Make an exact copy of the listing underneath, skipping each picture.

Data block —

---*---

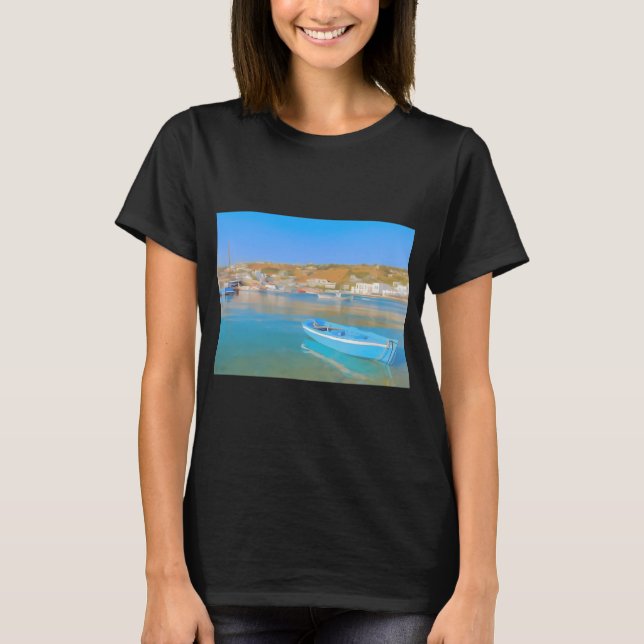 T-SHIRT PETITS TENDANCES NUMÉRIQUES DE BATEAU BLEU (Devant)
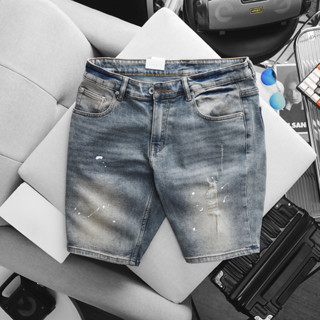  Quần jean ngắn nam xanh rêu vẩy sơn slim fit gọn dáng co giãn ngang gối 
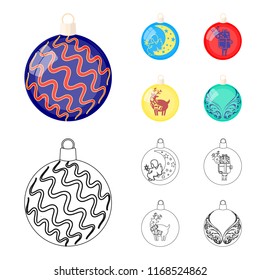 New Year Toys cartoon,outline icons in set collection for design.Christmas balls for a treevector symbol stock web illustration.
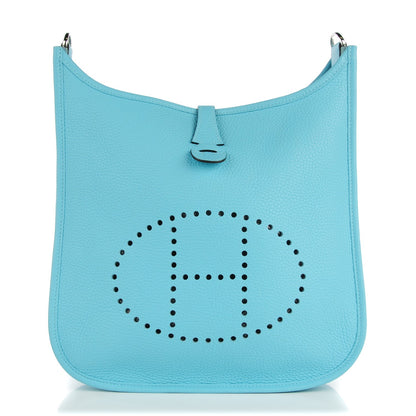 Hermes Taurillon Clemence Evelyne III PM Bleu Atoll 1 of 12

---*---

Exercise solution —
 T-SHIRT PETITS TENDANCES NUMÉRIQUES DE BATEAU BLEU (Devant)
  Quần jean ngắn nam xanh rêu vẩy sơn slim fit gọn dáng co giãn ngang gối 
 New Year Toys cartoon,outline icons in set collection for design.Christmas balls for a treevector symbol stock web illustration.
 Hermes Taurillon Clemence Evelyne III PM Bleu Atoll 1 of 12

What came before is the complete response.